# DATASET CONTENT

BEGIN

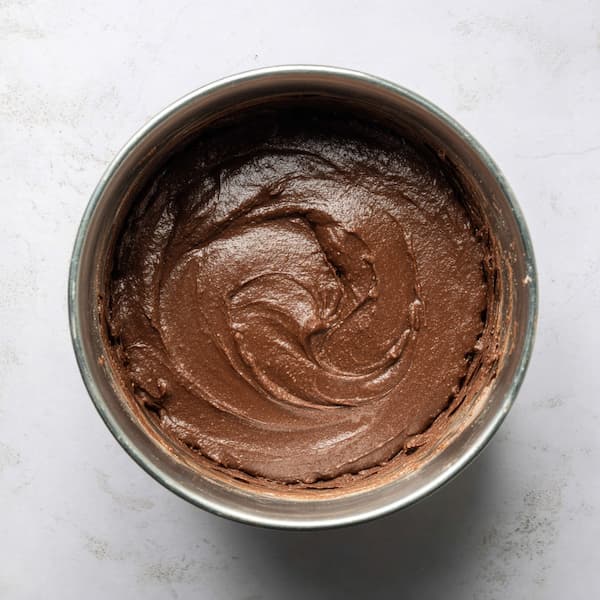 brownie batter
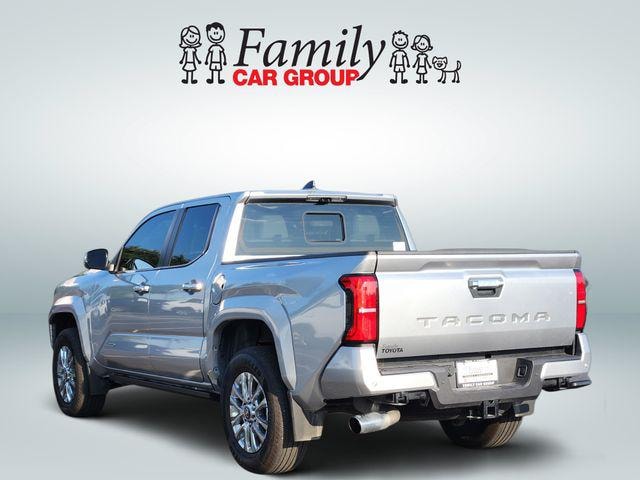2025 Toyota Tacoma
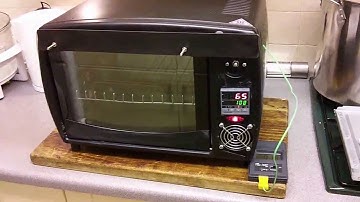 yet another SMD solder reflow oven part 2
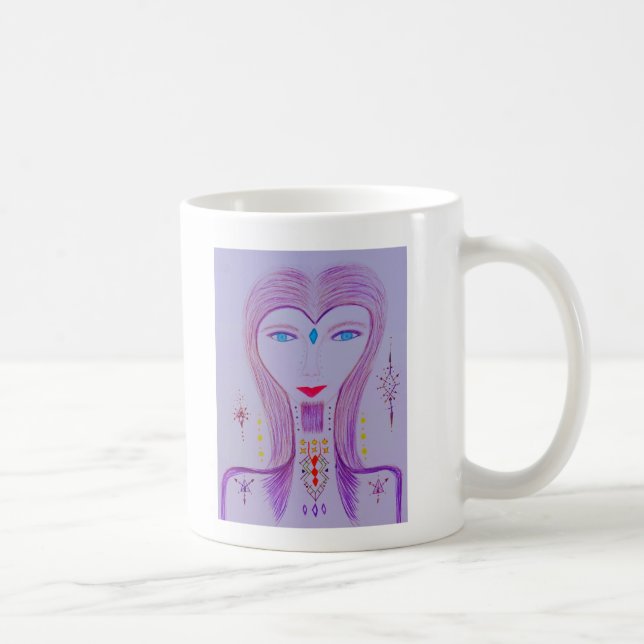 Soloman Coffee Mug (Right)
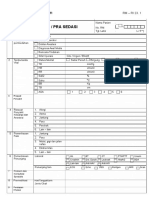 Form Prs Induksi Pra Sedasi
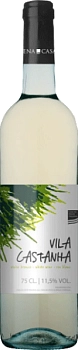 Вино Casa Da Fonte Vila Castanha white semi sweet 750 мл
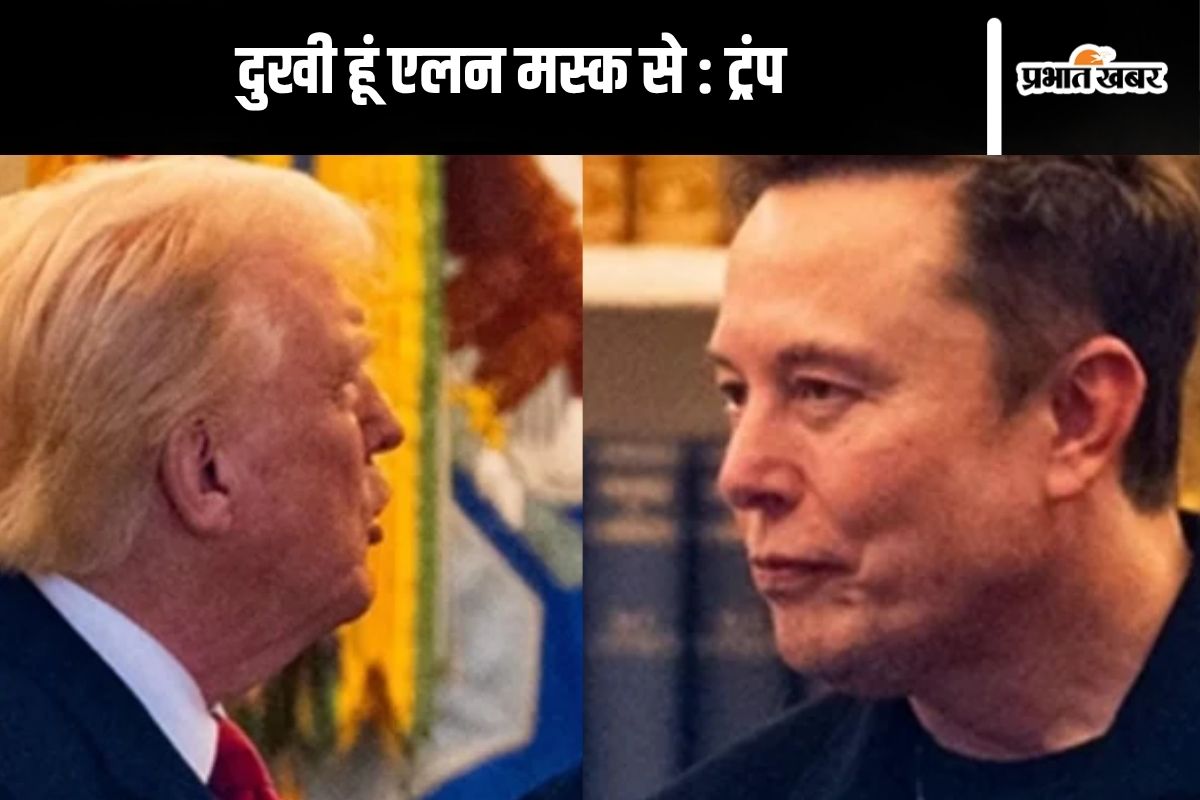 Donald Trump vs Elon Musk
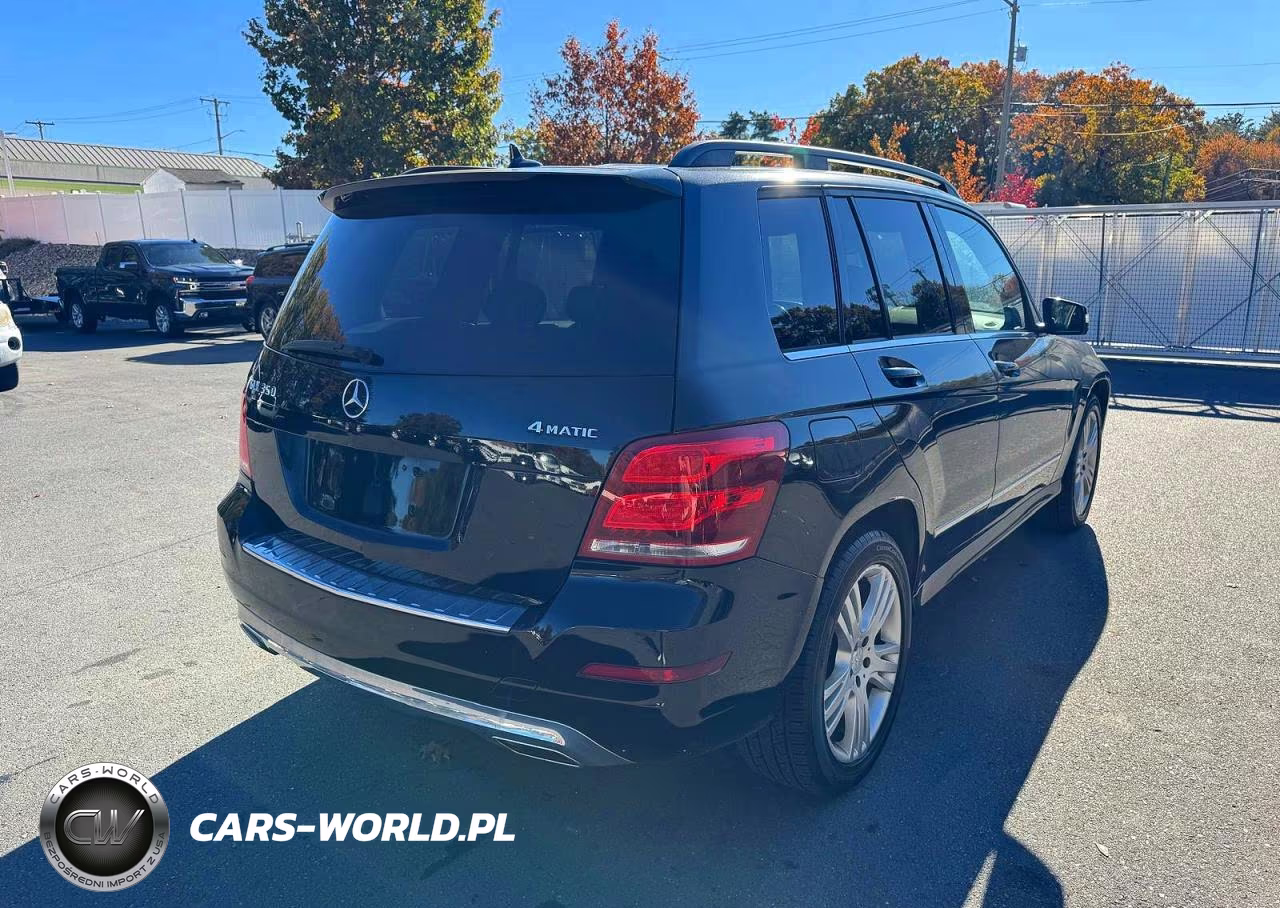 2013 Mercedes-Benz Glk 350 4Matic VIN:WDCGG8JB9DG031683 - 3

END

# EXERCISE
Please retype exactly the lines from the one containing "Soloman Coffee Mug (Right)" through the last line of the records, both included, leaving out every picture.

# EXERCISE RESULT
 Soloman Coffee Mug (Right)
 Form Prs Induksi Pra Sedasi
 Вино Casa Da Fonte Vila Castanha white semi sweet 750 мл
 Donald Trump vs Elon Musk
 2013 Mercedes-Benz Glk 350 4Matic VIN:WDCGG8JB9DG031683 - 3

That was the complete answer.